I don’t write about film, but today I’ll review a new documentary by filmmaker Olympia Stone called Actually, Iconic about Richard Estes (b. 1932), the American pioneer of photo-realism. It’s a school of painting I’ve always liked, and he’s not only one of its founders, along with Audrey Flack and Chuck Close, but one of its philosophers. I recommend the one-hour film for many reasons — it’s good art history, jargon-free, both jazzy and smooth — but most of all because it demystifies the making of art and the class of humans we call artists.

Estes became famous in 1968 for Telephone Booths, now at the Thyssen-Bornemisza Museum in Madrid. His paintings of everyday scenes, many in New York, have a meticulous, metallic look, so crisp they suggest photographs, but that neither does them justice nor is correct. Photo-realism, with Estes at the helm, salvaged American painting from its unnatural, counterintuitive affair with the kind of abstraction practiced by Pollock, Rothko, de Kooning, and Motherwell and returned it to its roots in realism and the material, tactile world.

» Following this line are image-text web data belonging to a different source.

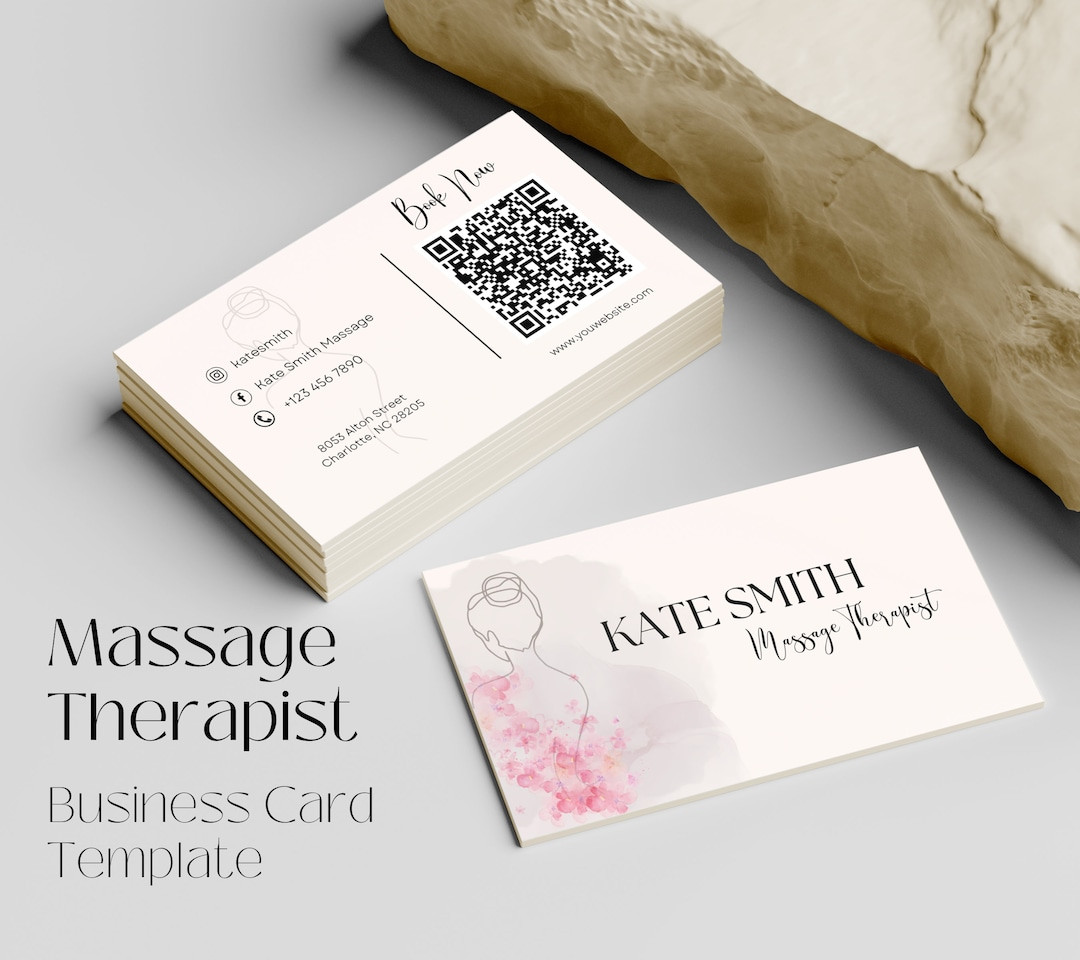 Massage therapist Business Card Examples Awesome Massage therapist Business Card Template I Esthetician Business Card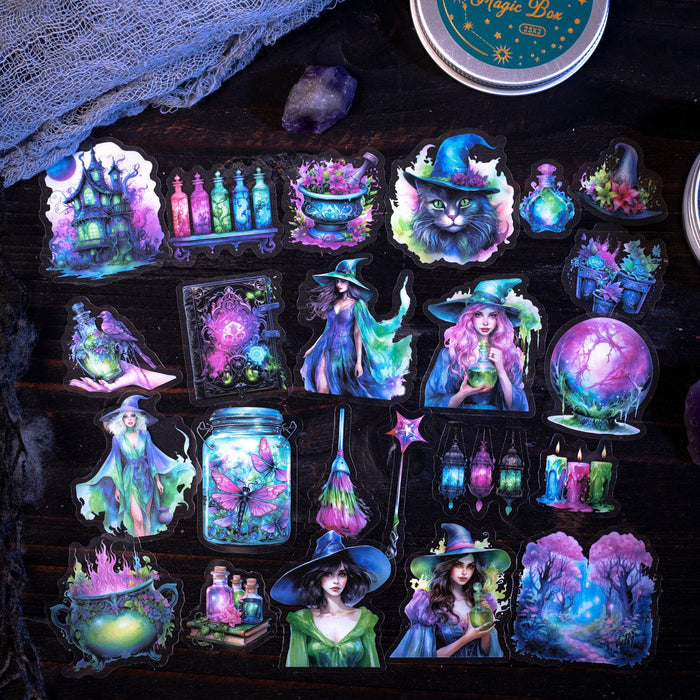 50 Pcs Witch Magic PET Stickers NVMF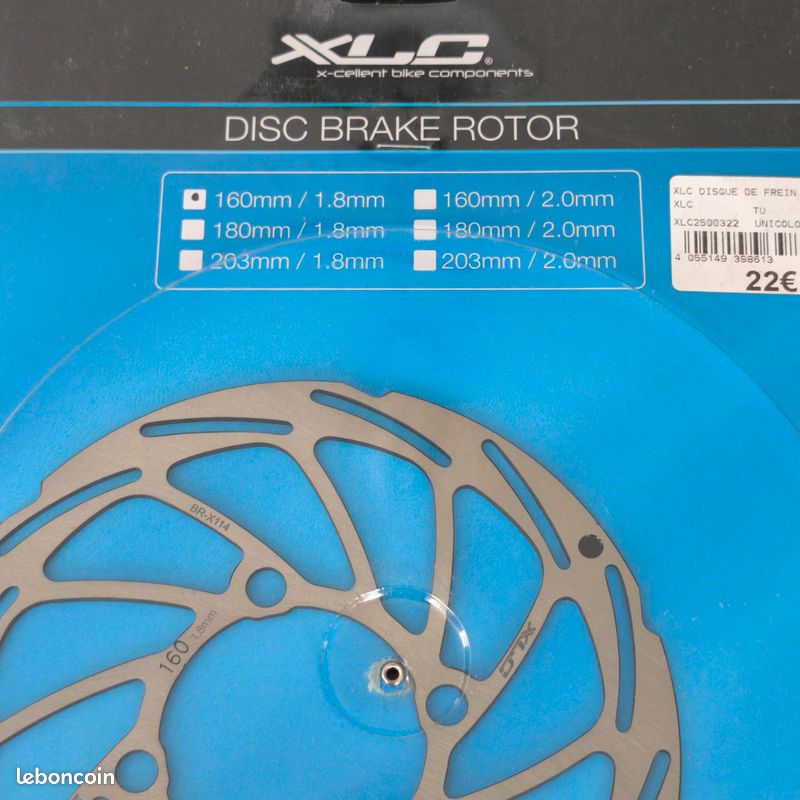 XLC BRX114 Disque De Frein 203mm 1.8mm Rohloff 4-Trou - Argent
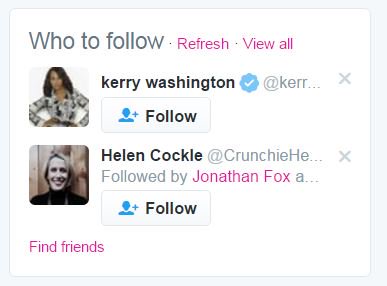 HeatherSmithAU's tweet photo. @CrunchieHelen Look who twitter tells me to follow alongside you! #Scandalous #OliviaPope #ItsBeingHandled https://t.co/8kiSYQxA0I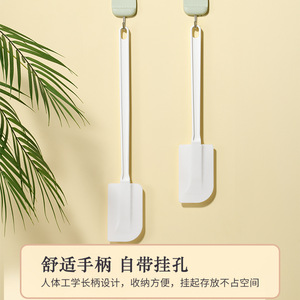 Large Size <b>Silicone</b> Spatula with Soft Scraper and Long Handle Food Grade Plastic Utensil for <b>Baking</b> Cake Cream Tool - Product Image 3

Making artists mysterious, haughty, and inaccessible is an art historian’s favorite and worst conceit. I hope I’ve never practiced this. It’s a power grab since it makes the art historian the medium, the keeper of the keys to understanding. It leaves the art lover a slave to the art historian’s interpretation. Both art and artist become vehicles in which the art historian drives us to his own concerns, causes, and grudges. It’s a racket.

Actually, Iconic lets the artist speak. It’s refreshing and conversational. Estes is quietly confident. He’s far from a mood-swing artist. When the artist does the talking and touring, we get not only a different point of view. It’s as though we’re hearing a beautiful new language. Kudos to Stone since it takes patience, charm, and, I assume, wiles to get artists, and the good ones are reticent, to speak so honestly and movingly.

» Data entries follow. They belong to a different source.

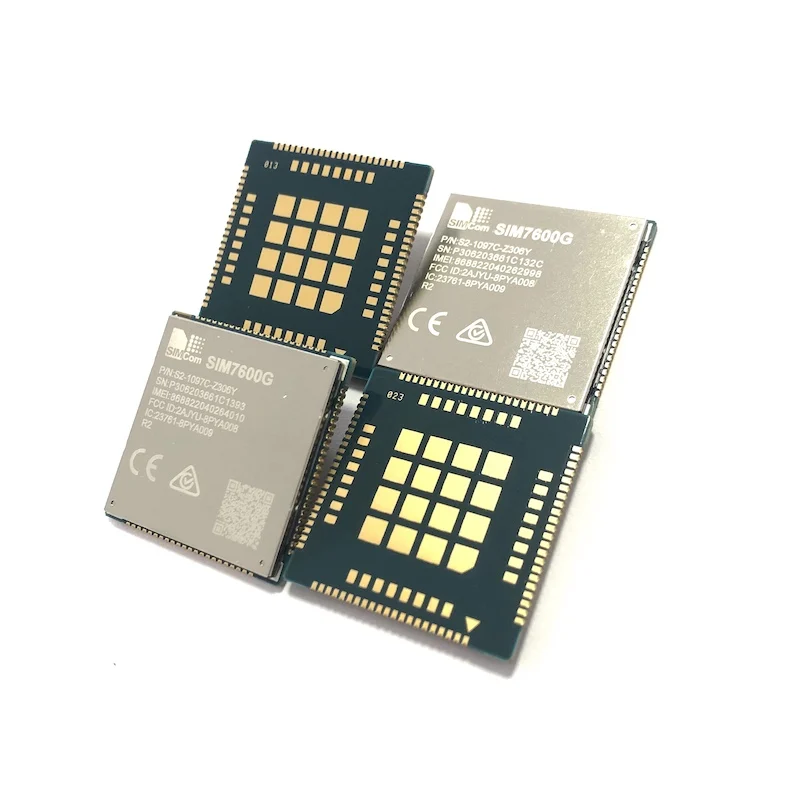

Модуль SIM7600 SIM7600G SIM7600G R2 LTE CAT1 4G/3G/2G+GNSS (LCC+LGA) для глобальных IoT-приложений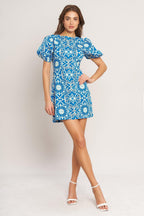 CITY VIBE WOVEN MINI DRESS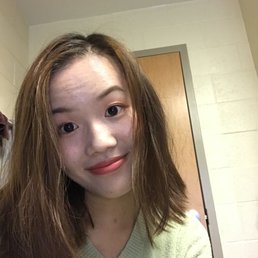 My hair before - dyed using store bought dye
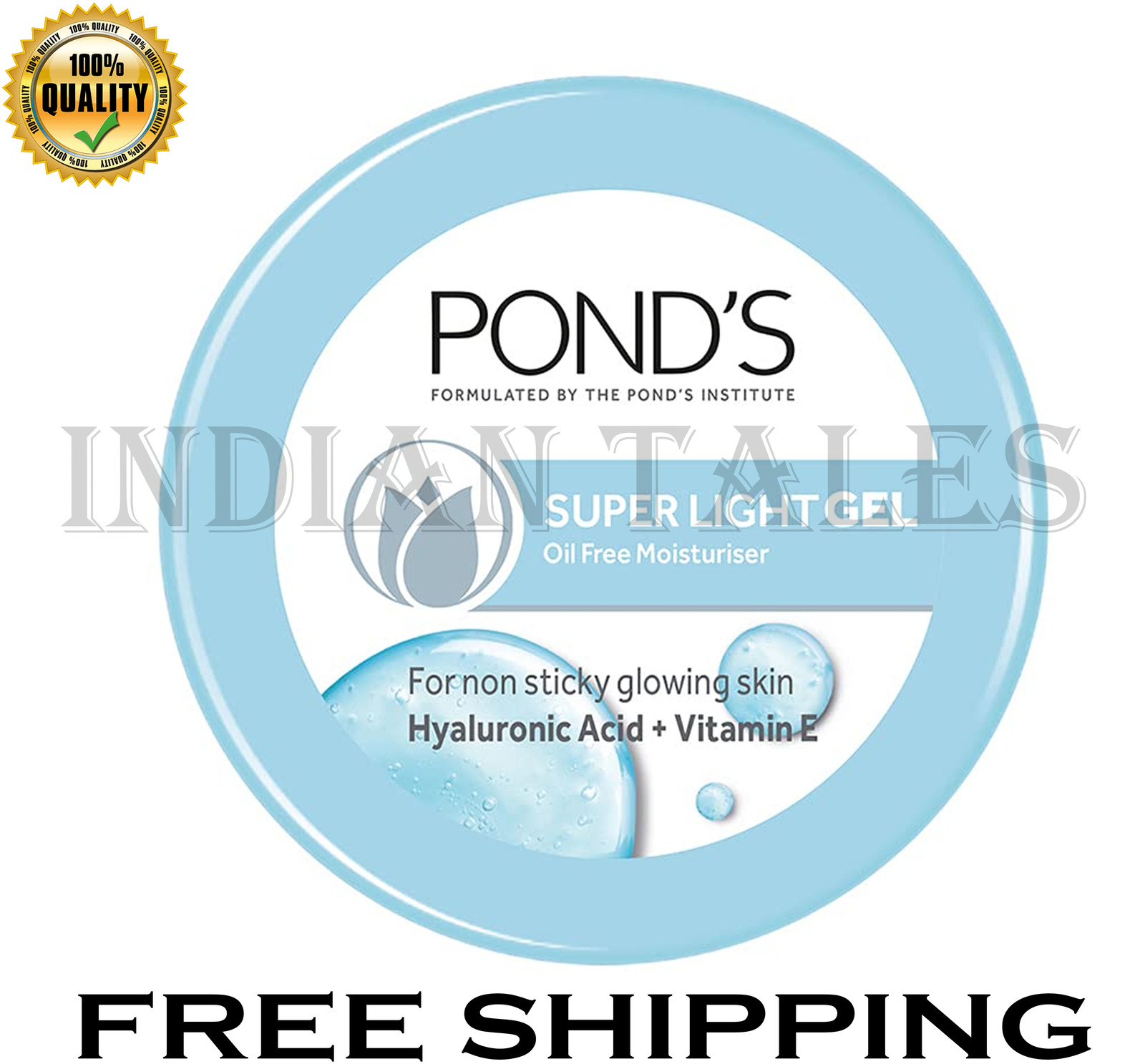 POND'S Super Light Gel Face Moisturiser, 147 g Super lightweight and non-oily  - $26.99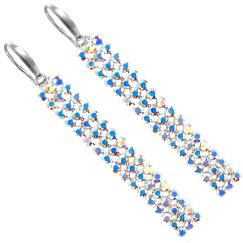 Chloe серьги серебро 925 с австрийскими кристаллами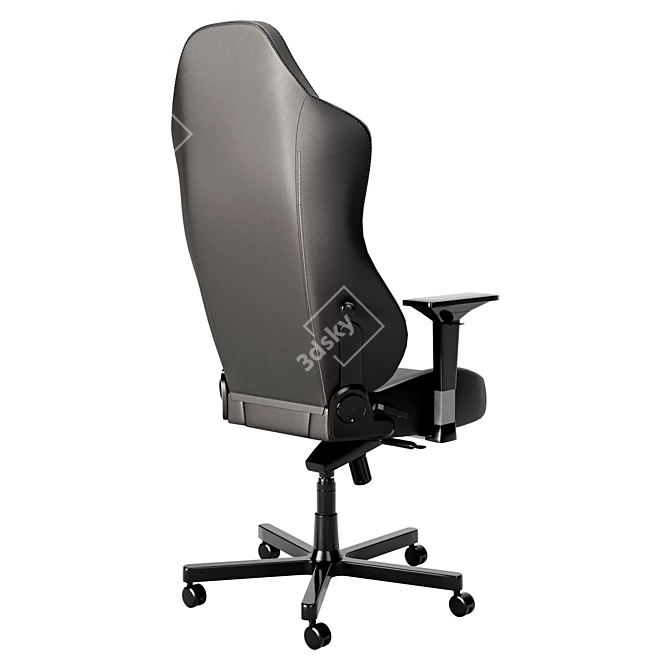 Noblechairs HERO Gaming Chair Black-Grey 3D model image 6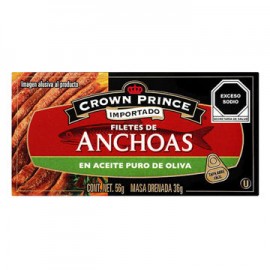 Filetes de Anchoas Crown Prince 50 g en Aceite de Oliva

Stone spent hours with Estes, who lives mostly on Mount Desert Island in Maine now, working in his studio in Maine but also on the streets in New York, where Estes still has a place, on the Upper West Side, and where he worked for years. Estes is broadly known as a New York artist, though he paints Maine seascapes, too, as well as luminous, sparkling views of Venice, but it’s fair for Stone to start in New York. The first part of the documentary takes us, with Estes, on a walk-through of Manhattan looking for subjects.

It’s a lovely start since the viewer becomes not only an observer but the artist’s companion. Estes is self-effacing and low-key, a nice guy doing his job, as are most artists, who, on one level, are making things. Estes takes us, camera in hand, on a bit of a scavenger hunt for subject matter.

Estes became famous in 1970 when the Whitney did a show called “22 Realists.” He was discovered a few years earlier by Ivan Karp, who worked with Leo Castelli and was an early proponent of the careers of Andy Warhol, Roy Lichtenstein, and Robert Rauschenberg. In 1968, the visionary dealer Allan Stone added Estes to his list of artists and gave him his first one-man show, where every painting was sold.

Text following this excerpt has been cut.